Blyth v Birmingham Waterworks Company (1856) 11 Ex Ch 781 concerns reasonableness in the law of negligence. It is famous for its classic statement of what negligence is and the standard of care to be met.

==Facts==
The defendants, Birmingham Waterworks Company, were the water works for Birmingham. They had been incorporated by the Birmingham Water Act 1826 (7 Geo. 4. c. cix) for the purpose of supplying Birmingham with water. The statute provided that:

the company should, upon the laying down of any main-pipe or other pipe in any street, fix, at the time of laying down such pipe, a proper and sufficient fire-plug in each such street, and should deliver the key or keys of such fire-plug to the persons having the care of the engine-house in or near to the said street, and cause another key to be hung up in the watch-house in or near to the said street. By sect. 87, pipes were to be eighteen inches beneath the surface of the soil. By the 89th section, the mains were at all times to be kept charged with water. The defendants derived no profit from the maintenance of the plugs distinct from the general profits of the whole business, but such maintenance was one of the conditions under which they were permitted to exercise the privileges given by the Act. The main-pipe opposite the house of the plaintiff was more than eighteen inches below the surface. The fire-plug was constructed according to the best known system, and the materials of it were at the time of the accident sound and in good order.

The defendant had installed a fireplug into the hydrant near Mr Blyth's house. That winter, during a severe frost, the plug failed causing a flood and damage to Mr Blyth's house. Blyth sued the Waterworks for negligence.

==Judgment==
In establishing the basis of the case, Baron Alderson, made what has become a famous definition of negligence:

Negligence is the omission to do something which a reasonable man, guided upon those considerations which ordinarily regulate the conduct of human affairs, would do, or doing something which a prudent and reasonable man would not do. The defendants might have been liable for negligence, if, unintentionally, they omitted to do that which a reasonable person would have done, or did that which a person taking reasonable precautions would not have done.

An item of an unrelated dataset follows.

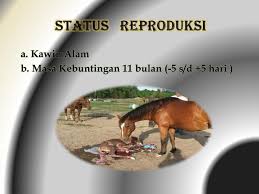 Lihat kuda kawin gede banget anunya подробнее. Manajemen Pemeliharaan Kuda Ppt Download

The court found that the severe frost could not have been in the contemplation of the water works. They could only have been negligent if they had failed to do what a reasonable person would do in the circumstances. Birmingham had not seen such cold in such a long time, and it would be unreasonable for the water works to anticipate such a rare occurrence.

B. Martin offered a concurring opinion, stating that "hold otherwise would be to make the company responsible as insurers."

B. Bramwell delivered a dissenting judgment on the law, but reached the same result on the facts.